Sauf qu'on arrive à la seconde partie. Après deux-trois premiers épisodes qui avancent un peu plus, on arrive sur trois derniers épisodes absolument dantesques. D'abord introduit par un acte morale où le groupe devra choisir entre tuer ou laisser un jeune homme en vie, représentant un danger pour eux. On voit enfin le changement opéré par cette contamination de zombies, et Dale sera la voix de la raison, en tentant de montrer aux autres la portée de leurs actes. Un évènement tragique à la fin de cet épisode concluera de dire que la série est sur la bonne direction, avant d'enchaîner deux épisodes où les héros iront jusqu'à commettre des actes dramatiques mais nécessaires et d'enrayer sur une horde de zombies qui poussera le groupe à fuir dans une longue séquence d'échappatoire face à une menace bien réelle. La dernière scène où Rick expose les faits et fait comprendre aux autres que dorénavant, ils ne sont plus en démocratie et qu'ils devront lui obéir, augure du meilleur et rentre enfin dans l'ambiance du comics. A voir si ça se confirme sur la saison 3, mais il était temps!

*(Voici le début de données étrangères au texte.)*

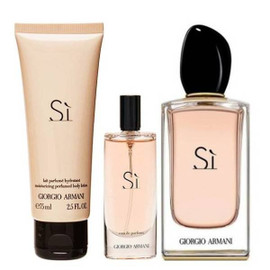 Armani Si Gift Set 100ml EDP + 75ml Body Lotion + 15ml Travel Spray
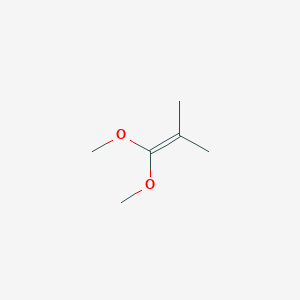 molecular formula C6H12O2 B14734347 1-Propene, 1,1-dimethoxy-2-methyl- CAS No. 5634-54-8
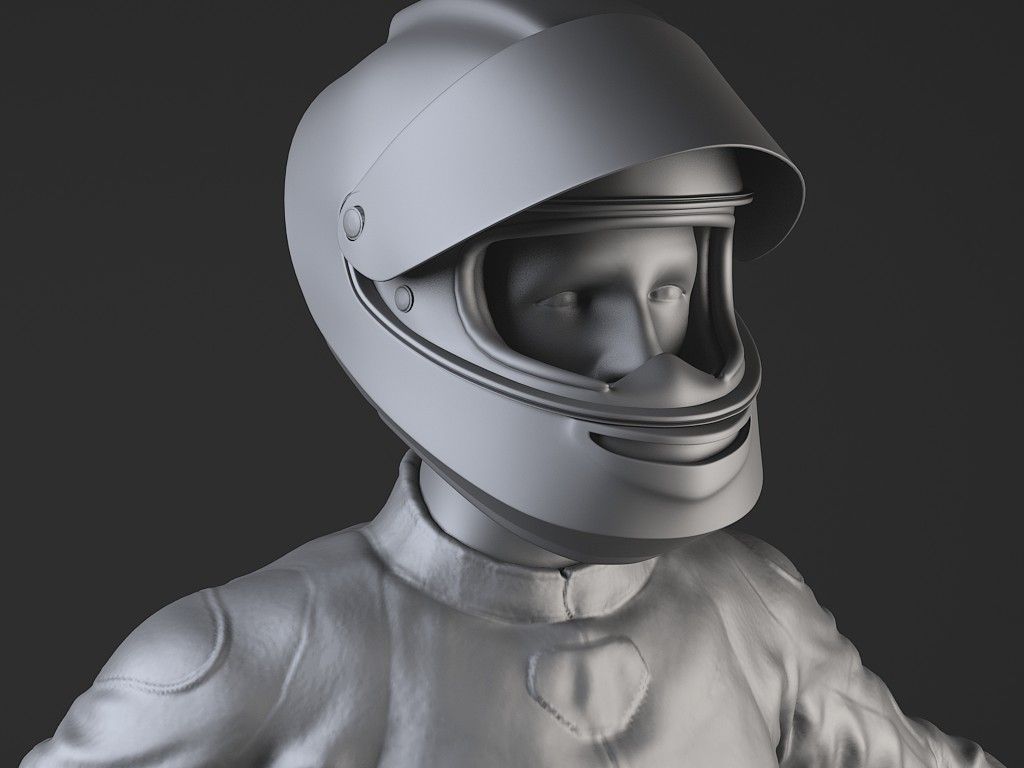 Motorcycle Rider - Rigged 3D model_13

Voir aussi : The Walking Dead : Des morts bien vivants

Shameless US Saison 1 & 2

Décidemment, après Homeland, Showtime nous gâte. J'avais entendu parler de cette série, et je décidais de tenter la version américaine, qui venait de commencer aux States. Et qu'elle ne fut pas ma surprise de constater cette série de grande qualité ! L'histoire se déroule dans la banlieue de Chicago, où vivent Fiona Gallagher et ses cinq frères et soeurs dont elle doit s'occuper, puisque leur ivrogne de père se contente de boire au bar et de rentrer complètement saoûl. Dans une situation financière délicate, la famille joue des pieds et des mains afin de trouver chaque jour de quoi tenir le coup, n'hésitant pas à user de méthodes douteuses pour trouver de l'argent, et en comptant sur l'aide de leurs voisins, un couple légèrement libertin.

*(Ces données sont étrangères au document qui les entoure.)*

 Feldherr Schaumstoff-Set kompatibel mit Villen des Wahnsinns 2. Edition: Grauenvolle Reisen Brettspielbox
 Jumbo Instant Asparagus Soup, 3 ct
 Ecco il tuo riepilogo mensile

Dès les premières minutes, Shameless réussit son coup: on se prend d'affection pour cette famille qui tente de s'en sortir. Pas parce qu'ils vivent difficilement, mais justement parce qu'ils ne se plaignent pas et qu'ils gardent le moral et tentent de vivre leur vie comme ils peuvent. Chaque personnage a son propre caractère et vit sa vie: le grand frère, Lip, intelligent qui s'accroche à une amie, quitte à rater une vie qu'il pourrait réussir sans problème; le deuxième grand frère, Ian, militaire et homosexuel; la petite soeur, Debbie, qui trouve toujours des astuces pour réduire les dépenses; le petit frère, Carl, qui ne pensent qu'à casser et à brûler des choses; et le petit dernier, Liam, encore en couche-culottes. Fiona, l'aînée, tente tant bien que mal de conjuger vie familiale et vie amoureuse, et on se prend d'affection pour elle, qui a dû laisser tomber ses études pour s'occuper de sa famille.

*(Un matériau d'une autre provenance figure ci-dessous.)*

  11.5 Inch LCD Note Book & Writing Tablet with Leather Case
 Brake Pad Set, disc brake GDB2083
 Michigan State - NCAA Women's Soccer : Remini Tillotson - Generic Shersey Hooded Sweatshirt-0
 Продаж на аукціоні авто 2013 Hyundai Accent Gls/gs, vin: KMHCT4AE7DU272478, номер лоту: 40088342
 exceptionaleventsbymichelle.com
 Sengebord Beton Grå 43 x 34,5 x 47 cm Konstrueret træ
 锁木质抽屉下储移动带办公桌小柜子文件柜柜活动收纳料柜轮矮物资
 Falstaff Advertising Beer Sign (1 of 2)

La série ne prend aucun gant: c'est irrévérencieux, légèrement trash mais juste ce qu'il faut, et n'a pas toujours une morale à toute épreuve, mais c'est justement ce qu'on aime. On pourrait le comparer à un Malcolm pour ce côté sans pitié et presque méchant, mais avec un ton plus adulte qui n'hésite pas à jongler entre comédie et véritable drame. Les deux saisons se regardent avec délice, et j'attends très impatiemment la troisième saison!